TO DO
Exactly the lines from the one holding "Jeans Lavados Azules" through the end of the material below must be printed, nothing more, and the pictures must be dropped.

#####

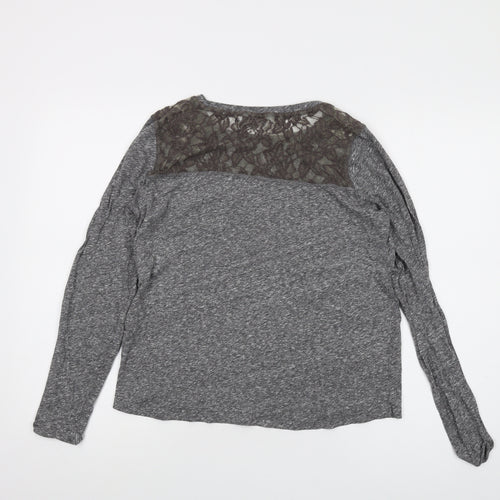 Superdry Womens Grey Cotton Basic T-Shirt Size M Crew Neck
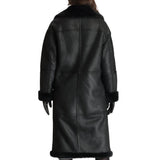 Women’s Full-Length Black Shearling Leather Coat – Ultimate Winter Warmth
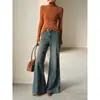Jeans Lavados Azules Vintage para Mujer 2026 Tendencia Versátil Nueva Moda Primavera y Otoño Pantalones de Pierna Ancha Acampanados de Longitud Completa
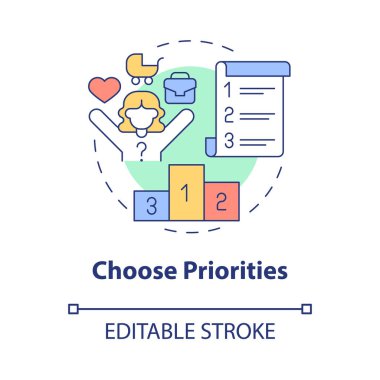 Öncelik konsepti simgesini seçin. Dengeli yaşam tarzı planlama soyut fikir ince çizgi çizimi. İzole bir taslak çizim. Düzenlenebilir felç. Kullanılan Roboto-Orta, Myriad Pro-Kalın yazı tipleri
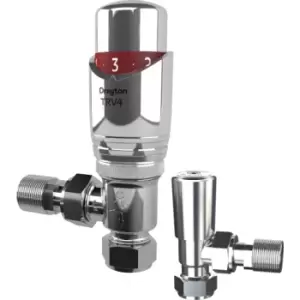 Image of Drayton Chrome Angled TRV4 & Lockshield Valve 15mm 705170 - 551956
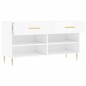 vidaXL Panca Porta Scarpe Bianco Lucido 102x35x55 cm Legno Multistrato vidaXL Panca Porta Scarpe Bianco Lucido 102x35x55 cm Legno Multistrato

#####

ANSWER FOR THE TASK
Jeans Lavados Azules Vintage para Mujer 2026 Tendencia Versátil Nueva Moda Primavera y Otoño Pantalones de Pierna Ancha Acampanados de Longitud Completa
 Öncelik konsepti simgesini seçin. Dengeli yaşam tarzı planlama soyut fikir ince çizgi çizimi. İzole bir taslak çizim. Düzenlenebilir felç. Kullanılan Roboto-Orta, Myriad Pro-Kalın yazı tipleri
 Image of Drayton Chrome Angled TRV4 & Lockshield Valve 15mm 705170 - 551956
 vidaXL Panca Porta Scarpe Bianco Lucido 102x35x55 cm Legno Multistrato vidaXL Panca Porta Scarpe Bianco Lucido 102x35x55 cm Legno Multistrato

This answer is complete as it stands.